For TV release in America, these two Planet Prince movies were compiled into an 85-minute, English-dubbed movie entitled Prince of Space that was first shown in 1965.

== Production ==
The TV version looks very similar to Super Giant (Starman), in that both wear cowled costumes and capes. Each character also has superpowers and flies. The two-part movie version (produced by Toei) is very different, as Prince of Space wears a more streamlined costume, cape, and helmet with goggles. In the edited US version, he has no superpowers other than the invulnerability of his costume and - in a subplot unique to the Japanese version - the ability to revert a man who was brainwashed by the Ginsei aliens back to a peaceful state. In the films, he uses a wand-like laser gun and flies a small spaceship.

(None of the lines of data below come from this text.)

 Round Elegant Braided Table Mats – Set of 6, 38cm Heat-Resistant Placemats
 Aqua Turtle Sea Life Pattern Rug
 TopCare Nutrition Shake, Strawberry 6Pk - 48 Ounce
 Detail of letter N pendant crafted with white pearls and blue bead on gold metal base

In the TV version, just like Moonlight Mask, the Planet Prince persona was listed in the credits as being played by "?" (even though the character never wore a mask to conceal his face).

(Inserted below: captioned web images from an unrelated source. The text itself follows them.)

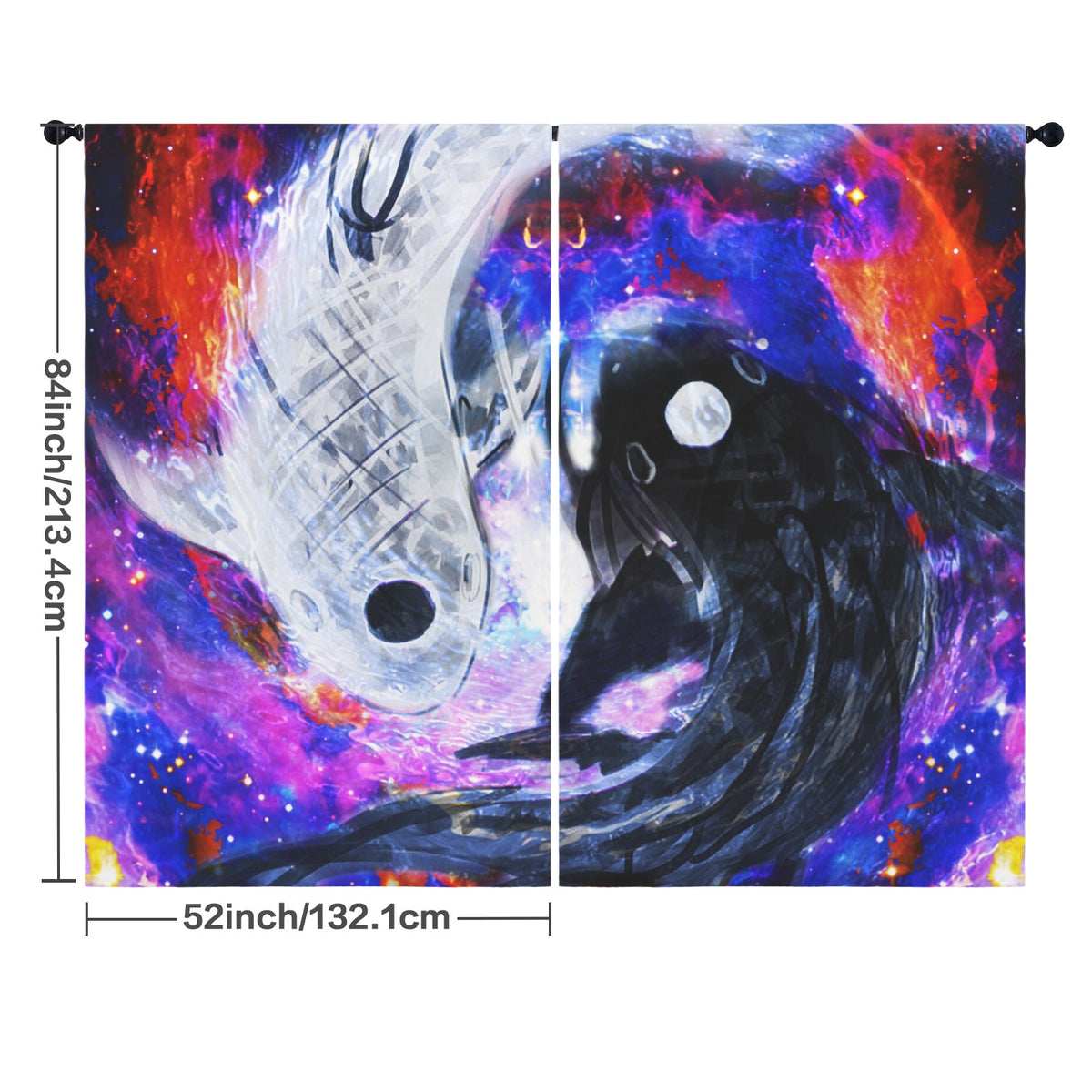 Katerina's Cassandra Koi Desires Floor-To-Ceiling Curtain 52x84inch | Ships from USA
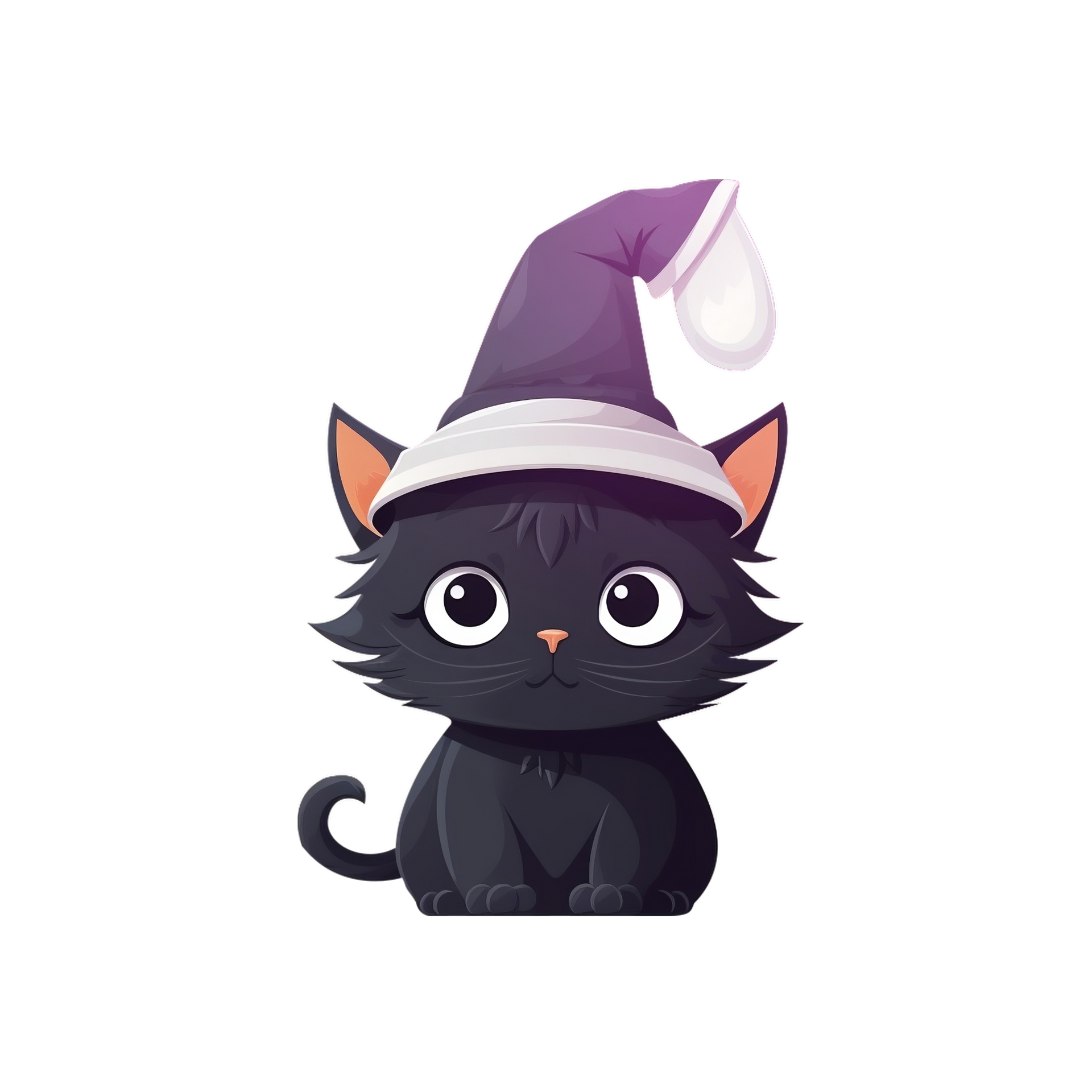 Cute Black Kitten Wearing a Hat - AI Generative 28744796 PNG
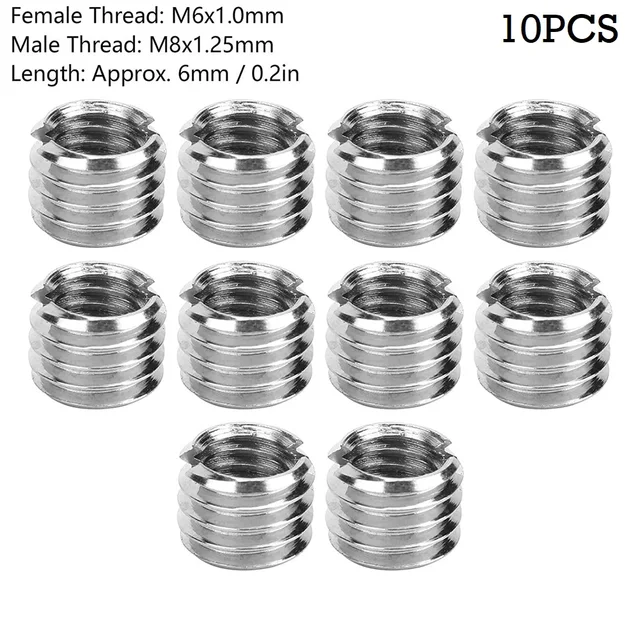 10/30Pcs Thread Reducer Threaded Inserts Stainless Steel Female M8 To ...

In the film, Prince's enemy is called Ambassador Phantom of the Silver Planet (銀星のまぼろし大使) (this villain also appeared in one of the tv series' story arcs), while in the English-language version, the villain is called Dictator Phantom of the Planet Krankor. He (along with his henchmen) wears a large prosthetic nose and cowl that give him a decidedly chicken-like appearance, something that was constantly mocked when the film was featured on Mystery Science Theater 3000, along with audio dubbing that gave him a "laugh like a Buick not turning over" according to series writer Bridget Jones.

== Cast ==
(Americanized names in parentheses)

- Planet Prince/Waku-san (Prince of Space/Wally) - Tatsuo Umemiya
- Ambassador Phantom (Ambassador Dictator Phantom) - Joji Oka
- Sachiko (Susie) - Hiroko Mine
- Dr. Maki (Dr. Macken) - Ushio Akashi
- Ichiro (Johnny) - Akira Asami
- Makoto (Mickey) - Koji Komori
- Kimiko (Kimmy) - Midori Tsuzuki
- Inspector Takeda - Takashi Kanda
- Sawamoto (Dr. Sangamon) - Akira Tatematsu
- Shibasaki - Masahiko Naruse
- Mukai - Ken Sudo
- Newsreporter Tabei (Mr. Tannen) - Ken Hasebe
- Newsreporter Tono (Jerry the Reporter) - Giichi Sugi
- Sakai - Koji Sahara
- Tsunoda - Tokio Kozuka
- Keichi Kawajima (Inspector) - Rin'ichi Yamamoto
- Dr. Naito - Hiroshi Katayama
- Newspaper reporter - Yuji Kitamine
- Phantom's henchmen - Riki Iwaki, Kenji Todoroki, Hiroshi Mihara, Nobuo Yana
- Dr. Tateishi (Dr. Fletcher) - Shusuke Sone
- Mrs. Tateishi - Kaoru Nakano
- Commander Koda - Akikane Sawa
- Secretary of Defense Fukuhara - Shiko Saito
- Captain Munakata - Tadashi Minamikawa
- Colonel Matsuda - Junkichi Orimoto
- Colonel Watanabe - Junji Masuda
- The Guardian - Rinichi Yamamoto
- Kidnapped American scientist (Dr. Cohen) - Osman Yusuf (uncredited)

== Production credits ==
- Planning - Sanehiko Okada
- Director - Eijiro Wakabayashi
- Producer - Sanehiko Sonoda
- Screenplay - Shin Morita
- Original Story - Masaru Igami
- Music - Hirooki Ogawa (stock music; uncredited), Katsuhisa Hattori
- Director of Photography - Masahiko Iimura
- Lighting - Kenzo Ginya
- Art Director - Shuichiro Nakamura
- Recording - Shozo Hirokami
- Film Editor - Yoshiki Nagasawa
- Director of Special Effects - Shozo Horai
- Assistant Director - Hajime Sato
- Production Assistant - Takeshi Nishii
Theme Song – "Planet Prince Song"
- Vocals - Kamitakada Junior Chorus
- Lyrics - Masaru Igami
- Composer - Katsuhisa Hattori

== Reboot ==
In 2021, Minoru Kawasaki directed a feature film reboot of the series, Planet Prince 2021.